I believe we’ve made two big mistakes. First, we have bought the idea that allowing people to mock the Bible is in some way a Christian Virtue. Chesterton made a wonderful remark about the lion laying with the lamb. We have often interpreted this verse to mean that either the lamb will become ferocious as the lion – as to create a peace between power – or that the lion will become as calm as the lamb; The lion will transcend his nature and embrace lamb-ness. The Bible is much wilder than that. The lion, in all its ferociousness, will lay down with the lamb, in all its peacefulness.  We are to be as shrewd as snakes and as innocent and doves.

Second, those who mock the Bible have spun a narrative which says, more or less, that Christianity was a Cosmic accident adopted by idiots who couldn’t tell you the difference between their left and right hand. While most of us do not accept this view openly, many of us have become as silent as the grave. This narrative is so preposterous and feeble it’s almost difficult to know where to begin. But to keep this post short, I’ll simply list a few universities of almost universal respect, which I believe, if not prove my point, should at least be enough for us to reconsider the narrative that, “Christianity hinders academics and is a guide for the idiot.”

1) Oxford University’s motto is Dominus illuminatio mea and is Latin for “The lord is my light” – a quote from Psalm 27:1.

2) Harvard University’s motto, now Veritas, was formerly Veritas Christo et Ecclessiae, Latin for “Truth for Christ and Church“. Even though the motto has changed, their philosophy department still has etched over their doors the fundamental question that began humanism, “What is Man that thou art mindful of him?” A quote from Psalm 8:4

3) Yale University’s motto in Greek is Urim V’Thummin or in Latin, Lux et verita, translated as Light and Truth. A reference to the Old Testament Jewish Priesthood.

4) Columbia University’s motto is In lumine Tuo videbimus lumen, Latin for, “In thy light shall we see light,” a reference to Psalms 36:9.

5) Duke University, originally named Trinity College, has the motto Eruditio et Religio, which is Latin for “Knowledge and Faith“.

6) Dartmouth written in both Latin and English is Vox clamantis in deserto, or, The voice of one crying out in the wilderness – a reference to John the Baptist and Isaiah.

7) Brown University’s motto is In Deo Speramus, Latin for In God We Hope.

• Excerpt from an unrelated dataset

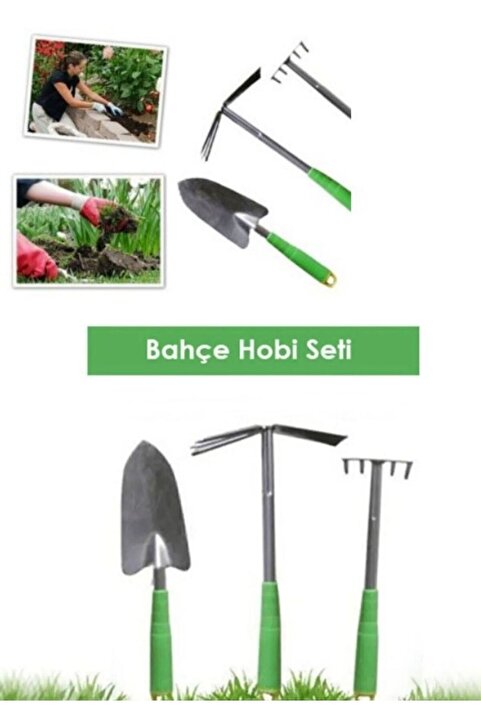 KL HOME Hobi Bahçe Seti 3'lü Metal Kürek Tırmık Çapa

8) University of Pennsylvania’s motto is “Laws without morals are useless”. While this doesn’t appear to make a direct connection with religion, their seal points out their hierarchy of subjects – theology being both the pinnacle of studies and the foundations of law.

American Media and culture have been, ironically, hell-bent on eradicating Western Civilization’s association with their Christian Heritage. In one breath they thank the intellectuals for the creation of liberal democracy and the freedoms we have been endowed, but then fail to even notice ‘God’ written over the doors of our centers of education. They want to curse Christianity for all of the woes of society, and then conveniently forget to thank her for all the reasons why society has gone right.

We live in a time when most of us believe it is too easy to condemn Christianity and too difficult to defend her, when the contrary is true: It is too easy to defend Christianity and too difficult to condemn her. We have become so ignorant in our education, so delusional in our history, that we can sit in the great hall of Trinity College and ponder, “What good has Christianity ever done us?” And worse, Christianity, in her incessant silence and without flinching, has invited our culture to condemn her.